Duncan came up big for one half, but he wasn't the biggest reason the Spurs won the title. Ginobili was.

Having said that, the Spurs are built in the mold of the New England Patriots in that their greatness is the product of a system and not all-star talent at every position. Duncan, and possibly Ginobili, are the only players who could go anywhere and be the type of players they are with the Spurs. Tony Parker, Bruce Bowen, Nazr Mohammed and the rest of the roster are role players made to fit.

The Pistons are the same way. They probably lost the title only because they didn't have homecourt advantage. Their performance in winning game six on the road has to be among the greatest backs-against-the-wall performances in Finals history.
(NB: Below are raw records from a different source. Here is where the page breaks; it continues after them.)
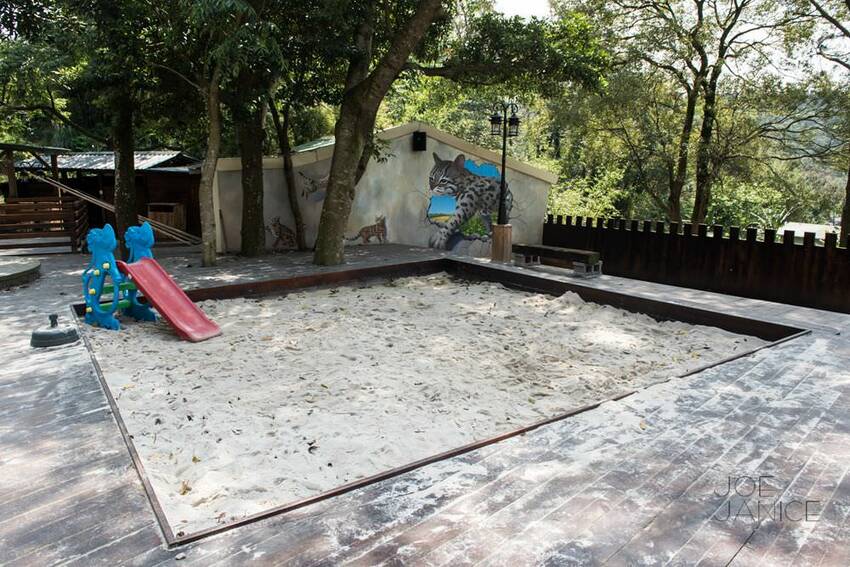 桃園景點【左岸森林多肉植物咖啡館】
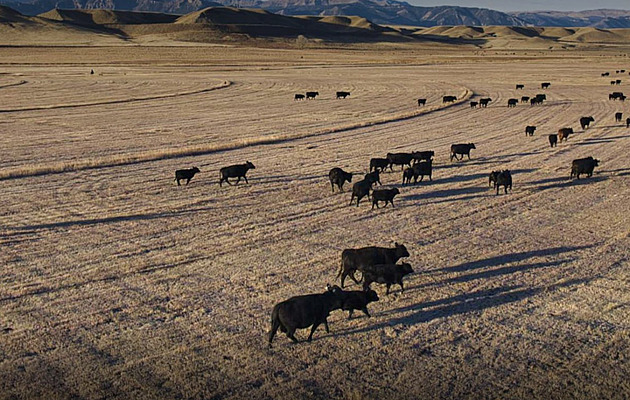 Volili Trumpa, teď ho kritizují. Američtí farmáři čelí rostoucím problémům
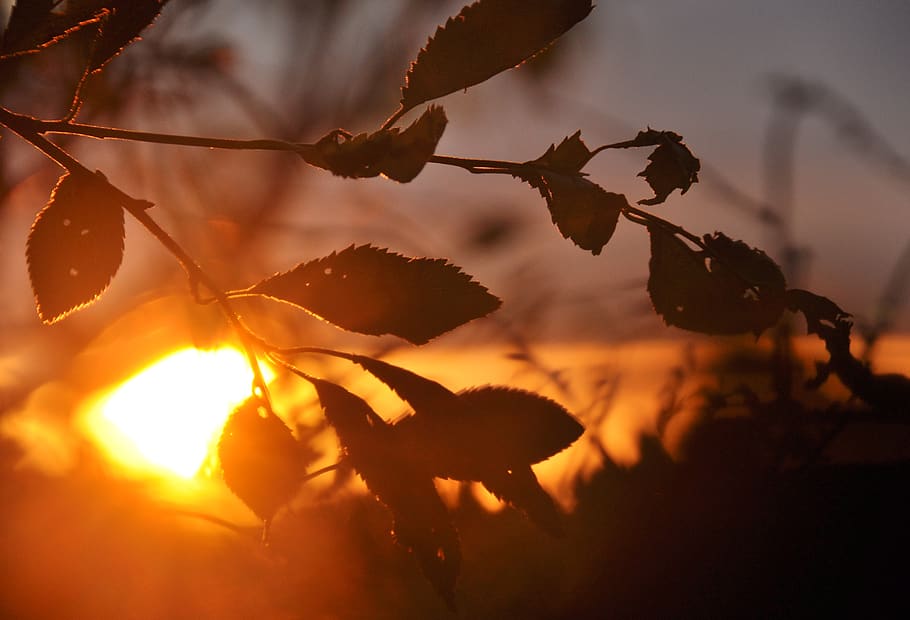 sunset, branches, nature, plant, plant part, leaf, tree, growth HD wallpaper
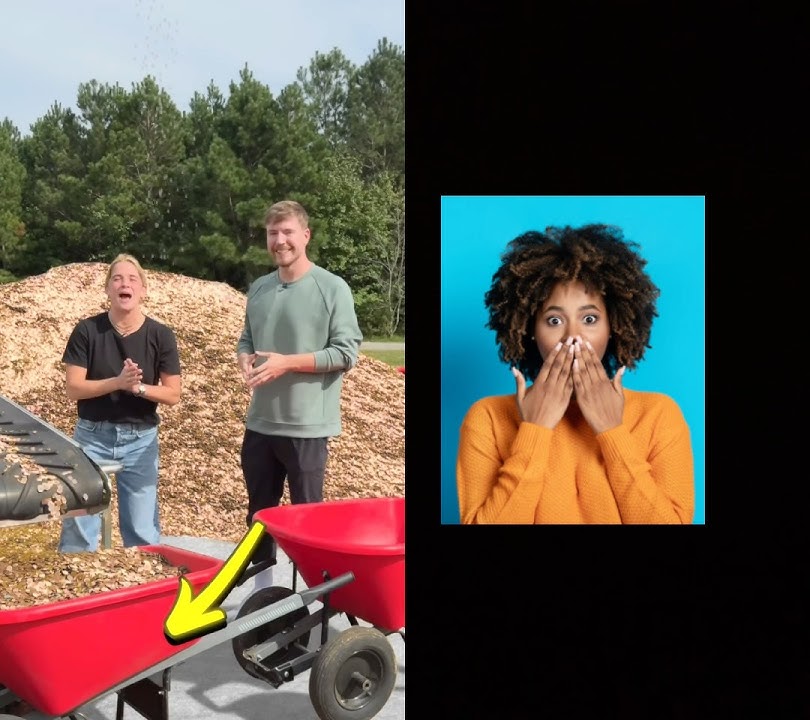 1 subscriber = 1penny 😲😲 #mrbeast #mrbeastchallenges #funny #hilariousfails #funnyvideos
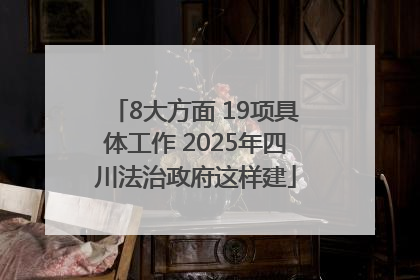 8大方面 19项具体工作 2025年四川法治政府这样建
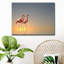 «Serenity II», reproduction de photo sur toile-29604807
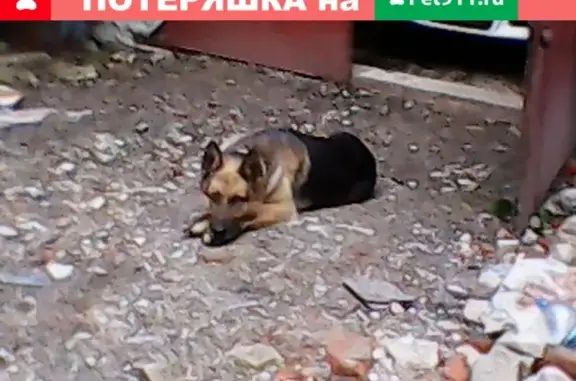 Пропала собака Граф в Коврове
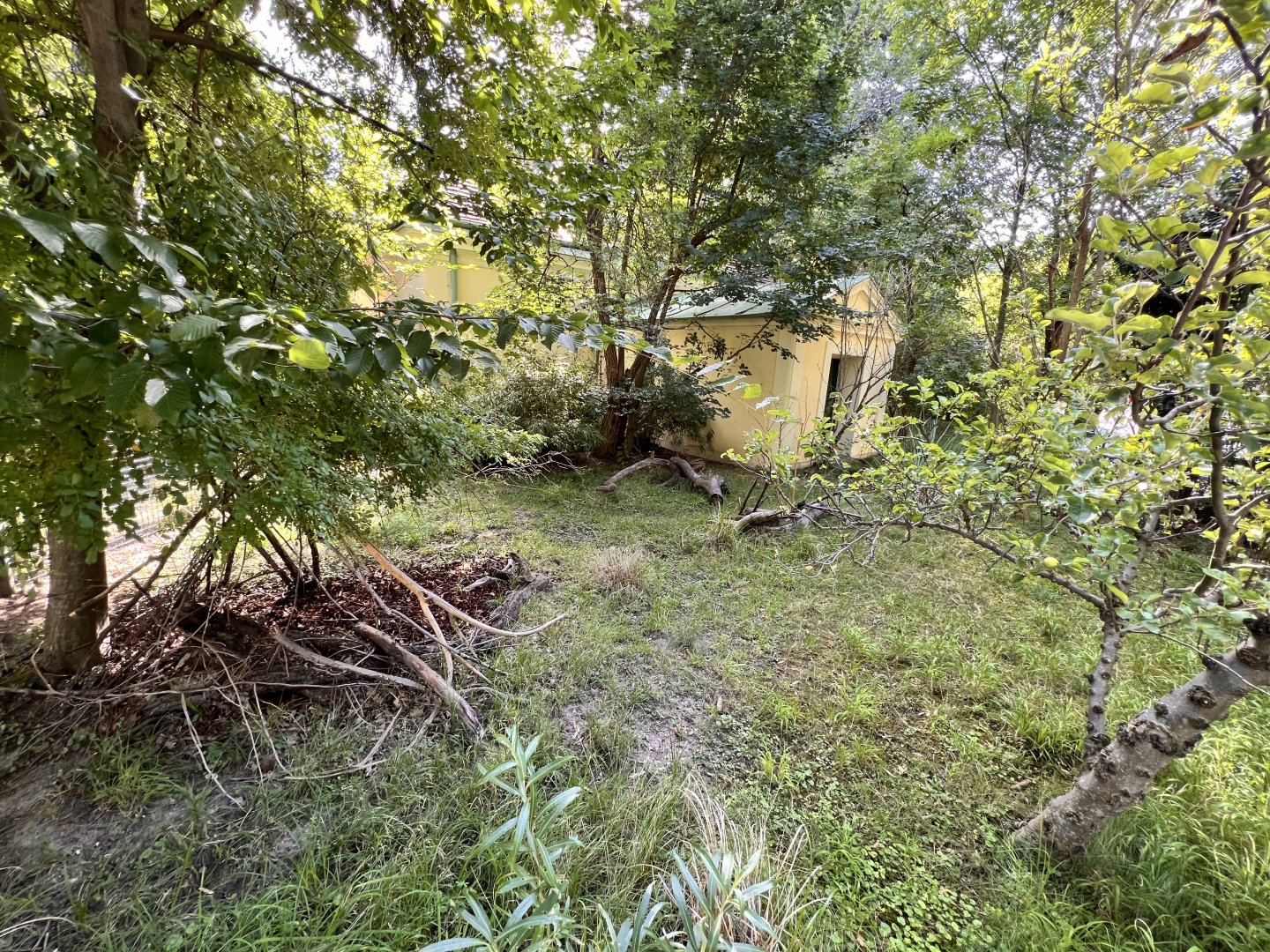 Kirk's Dik-Dik Exhibit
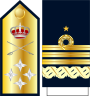 Spain-Navy-OF-9-collect.svg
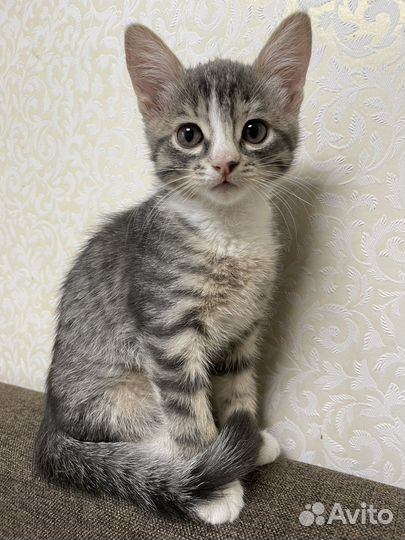 Кошка в дар бесплатно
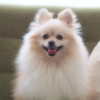 モフモフちゃん
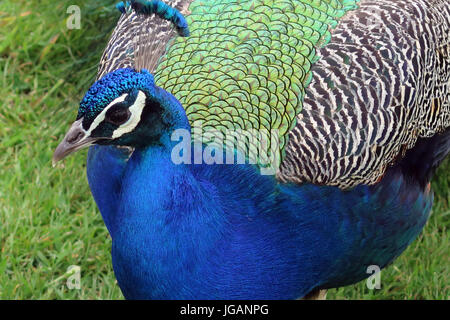 Fota Wildlife Park, Irlande, Fota Banque D'Images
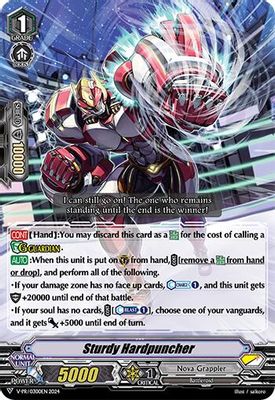 Sturdy Hardpuncher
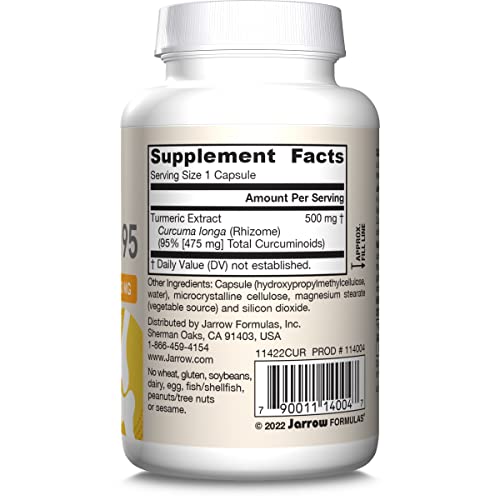 Jarrow Formulas Curcumin 95 Supplement - Turmeric Extract Supplement, 500 mg for Antioxidant & Joint Support, 60 Capsules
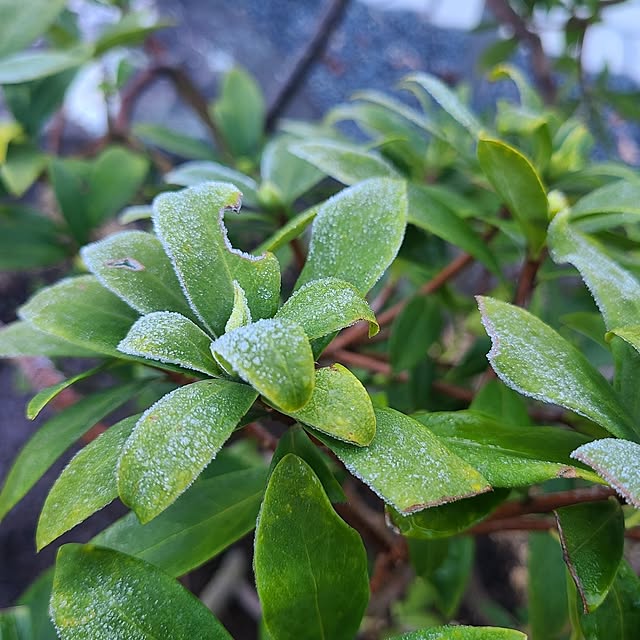 Rubiconさんの部屋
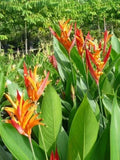 Heliconia Rhizomes - 2 Yellow Orange Exotic Tropical Blooms - Heliconia Rostrata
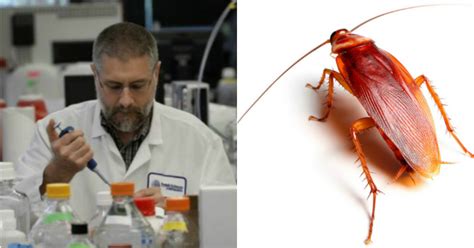 Scientists Discover Dead Cockroaches Make Excellent Magnets Than Alive ...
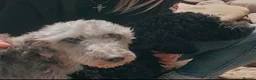 Mixed Breed dogs for sale: Bedlington cockatoos in Darlington - Advert 1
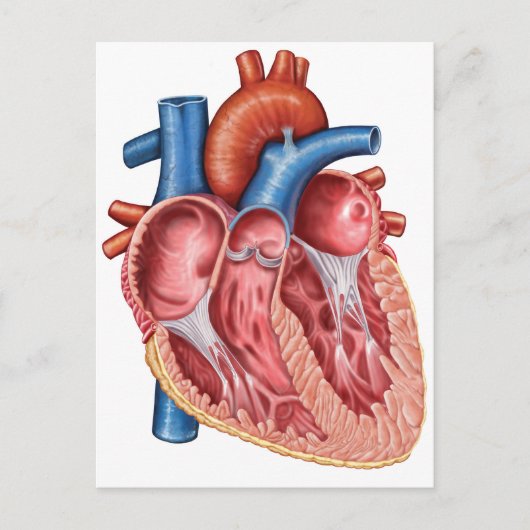 人間のハートインテリア ポストカード (正面)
Larry Brown will never approach the number of titles Phil Jackson has. But I think he is a better coach. Much like Jackson with the Lakers, the Pistons didn't become champions until Brown took the reigns. Jackson is a very good coach, but he had Michael Jordan, Kobe Bryant and Shaquille O'Neal on his teams. Brown has three Finals appearances and an NBA title to his credit, and the best player he probably ever coached, talentwise, was Allen Iverson.

How good of a coach is Brown? Look at Detroit's roster, and look at where some of their players were prior to putting on a Pistons uniform. Chauncey Billups, last year's Finals MVP, was a shot-chucking journeyman who played on four teams in five years prior to coming to Detroit. Brown molded Billups into a modern-day Mark Jackson, an oversized point guard who compensates for his lack of ball-handling skills with physical play and ability to overmatch smaller guards by posting up.

Don't look now, but Gregg Popovich is one-third of the way to Jackson's nine-title total, a mark shared by Red Auerbach. Popovich now has more NBA coaching titles than Rudy Tomjanovich or Chuck Daly, but has yet to achieve the legendary status of those two.

Are you watching this, baseball? a team from San Antonio, a mid-sized market, now owns three of the last seven NBA titles. That's a dynasty by my count. They probably aren't done winning titles, either.
If the Spurs were a baseball team, Tim Duncan would already be a Yankee and .500 would be a good season.